Chapter 2 · Greedy Algorithms

01 What is a Greedy Algorithm?

As the notes say: "It is hard, if not impossible, to define precisely what is meant by a greedy algorithm." But here's the intuition:

Core Idea

Greedy Algorithm

An algorithm is greedy if it builds a solution in small steps, choosing a decision at each step myopically to optimize some underlying criterion — without looking ahead or reconsidering past choices.

🎯

Myopic Choice

At each step, pick what looks best right now. Never look back, never reconsider.

🔍

Local → Global

When it works, local optimality implies global optimality. This is the interesting structural insight.

⚠️

Proof Required

"It's easy to invent greedy algorithms — proving they work is the challenge."

Chapter roadmap

We study three problems in this chapter: (1) minimize maximum lateness when scheduling all tasks, (2) maximize the number of tasks completed on time, and (3) find the k-clustering with maximum spacing. Each requires a different greedy insight and a different proof technique.

02 Scheduling with Minimal Lateness

Setting: A single resource (processor, machine, person) handles n tasks one at a time.

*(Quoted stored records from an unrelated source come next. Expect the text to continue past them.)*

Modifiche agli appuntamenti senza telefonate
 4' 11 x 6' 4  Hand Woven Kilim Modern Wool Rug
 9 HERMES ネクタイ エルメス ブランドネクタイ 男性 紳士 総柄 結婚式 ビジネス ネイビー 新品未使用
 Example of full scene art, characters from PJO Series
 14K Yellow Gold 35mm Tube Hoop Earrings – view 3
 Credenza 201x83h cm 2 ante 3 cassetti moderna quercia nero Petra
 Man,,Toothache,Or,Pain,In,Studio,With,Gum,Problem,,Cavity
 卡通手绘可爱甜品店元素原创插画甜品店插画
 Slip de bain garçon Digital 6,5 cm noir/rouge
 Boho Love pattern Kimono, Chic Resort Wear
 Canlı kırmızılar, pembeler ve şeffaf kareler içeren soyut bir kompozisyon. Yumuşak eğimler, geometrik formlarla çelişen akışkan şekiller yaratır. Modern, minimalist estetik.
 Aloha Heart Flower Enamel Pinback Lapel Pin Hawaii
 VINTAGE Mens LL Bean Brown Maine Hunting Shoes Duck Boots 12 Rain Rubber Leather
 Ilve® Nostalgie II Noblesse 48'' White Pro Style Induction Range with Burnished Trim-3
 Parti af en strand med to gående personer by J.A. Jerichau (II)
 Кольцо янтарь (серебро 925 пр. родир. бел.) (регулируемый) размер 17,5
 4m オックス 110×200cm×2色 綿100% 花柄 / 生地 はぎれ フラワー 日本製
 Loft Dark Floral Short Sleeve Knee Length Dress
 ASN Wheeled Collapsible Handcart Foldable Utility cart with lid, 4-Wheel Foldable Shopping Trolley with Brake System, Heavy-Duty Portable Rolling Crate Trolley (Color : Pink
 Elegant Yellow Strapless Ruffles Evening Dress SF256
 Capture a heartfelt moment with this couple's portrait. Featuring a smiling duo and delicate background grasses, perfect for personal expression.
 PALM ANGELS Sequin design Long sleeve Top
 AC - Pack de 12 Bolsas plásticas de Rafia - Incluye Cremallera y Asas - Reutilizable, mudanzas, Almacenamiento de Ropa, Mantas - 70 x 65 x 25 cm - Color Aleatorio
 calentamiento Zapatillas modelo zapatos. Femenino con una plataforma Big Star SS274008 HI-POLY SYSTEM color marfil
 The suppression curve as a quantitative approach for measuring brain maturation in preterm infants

Every task must be run — but some may finish after their deadline, incurring lateness. We want to minimize the worst lateness.

Problem Setup

Minimize Maximum Lateness

Each task aᵢ has a processing time tᵢ and a deadline dᵢ. We schedule all tasks in non-overlapping intervals starting at time 0. If task i finishes at time fᵢ, its lateness is:

\[ l_i = \max(0,\ f_i - d_i) \]

Goal: find an ordering that minimizes L = max_i lᵢ (the maximum lateness across all tasks).

The Greedy Rule: Earliest Deadline First (EDF)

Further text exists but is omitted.